Free updates are available to those who stay informed through the Artificial Intelligence myFT Digest, delivered directly to subscribers’ inboxes.
Artificial intelligence is on track to surpass human capabilities in writing code as leading companies, including OpenAI, Anthropic, and Google, compete to release systems that are transforming the software industry. OpenAI, based in San Francisco, introduced a new suite of models this week that independent assessments deem among the most proficient in computer programming. These new GPT-4.1, o3, and o4-mini models excel in addressing programming challenges, with the latter two employing ‘reasoning’ to thoroughly process complex queries.
Additionally, OpenAI unveiled a free system on Wednesday named Codex CLI. This AI "agent" is designed to assist users with coding tasks using its models. These advancements align with recent initiatives from competitors such as Anthropic, Google, Meta, and several start-ups, which see coding as a prominent early application for large language models.
The focus on programming as a new frontier for AI systems highlights one of the most concrete examples of how the technology might revolutionize industries, with numerous software developers already integrating new models into their workflows.
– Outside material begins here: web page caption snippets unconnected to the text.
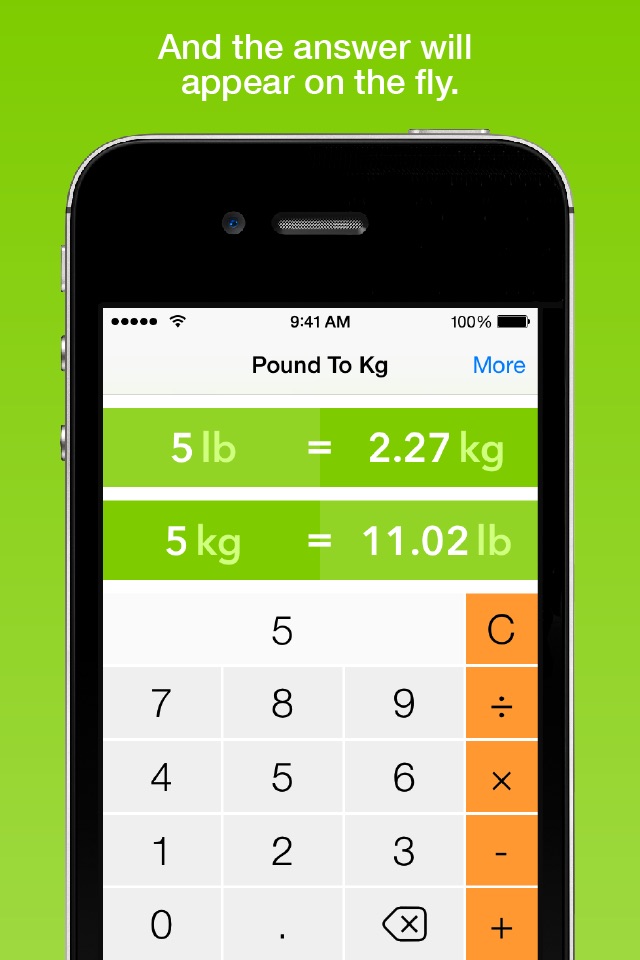 Pound To Kg, the fastest weight converter screenshot 2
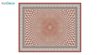 تصویر فرش ماشینی 1200 شانه کشمیر طرح گنبد زمینه قرمز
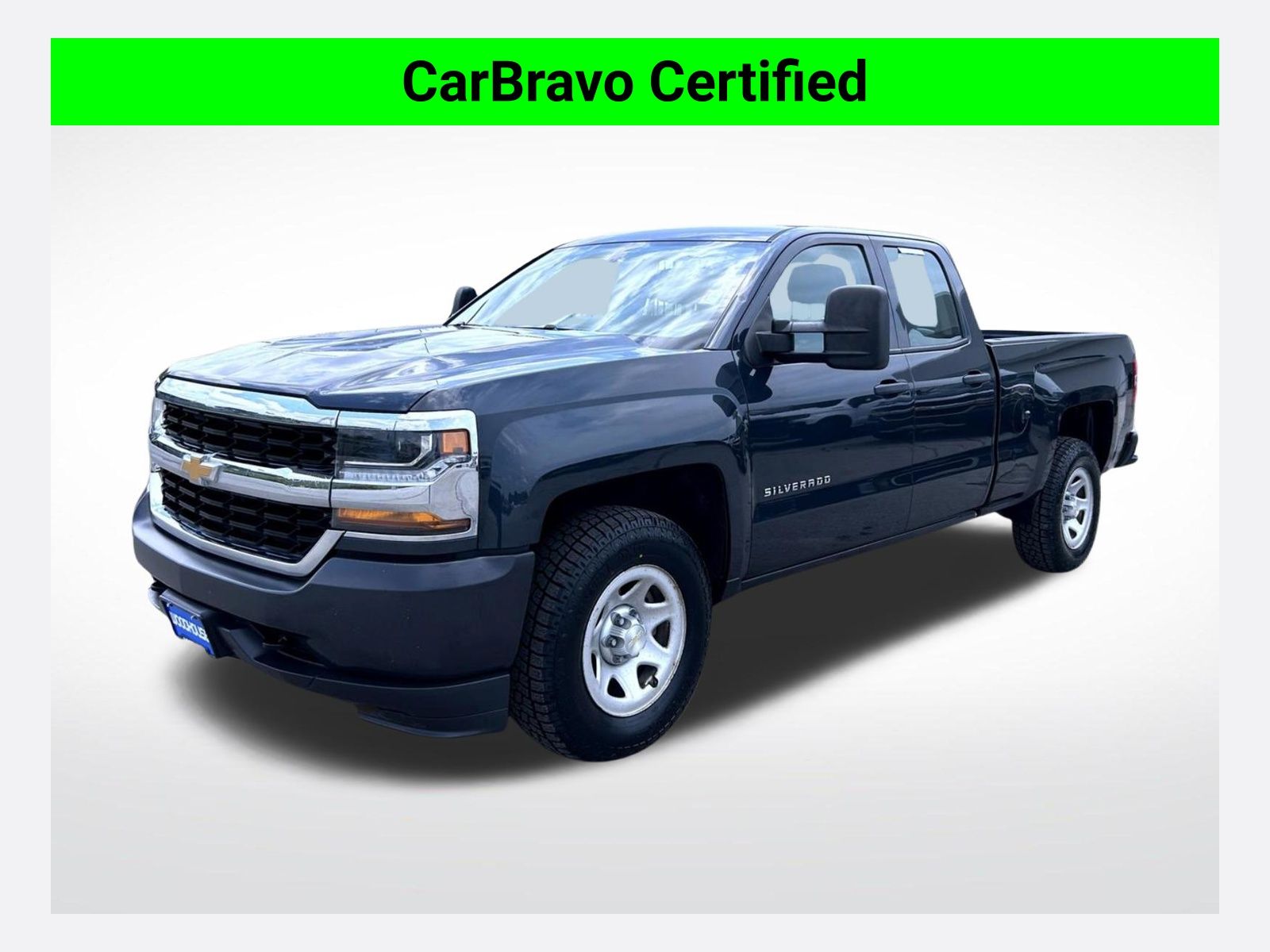 Gray (Graphite Metallic) 2017 Chevrolet Silverado 1500 Pickup Truck Four-Wheel Drive 6-Speed Automatic Overdrive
Kevin Weil, OpenAI’s chief product officer, remarked on the Overpowered podcast that this year marks the point when AI becomes superior to humans in competitive coding permanently. He compared this leap to AI’s triumph over humans in chess years ago, suggesting it holds a more democratizing potential by enabling widespread software creation.
Significant industry experts indicate that large language models (LLMs) have accelerated the software development process by generating entire code segments from basic textual instructions. These AI systems can also detect and attempt to rectify errors. Over the past year, AI models have significantly enhanced their ability to comprehend complex patterns, reason through programming issues, and solve them logically. For instance, in 2023, AI systems could solve only 4.4% of coding challenges on an industry test called SWE-bench; this figure surged to 69.1% this year. Concurrently, Microsoft’s platform GitHub revealed that 92% of US-based developers utilize AI coding tools.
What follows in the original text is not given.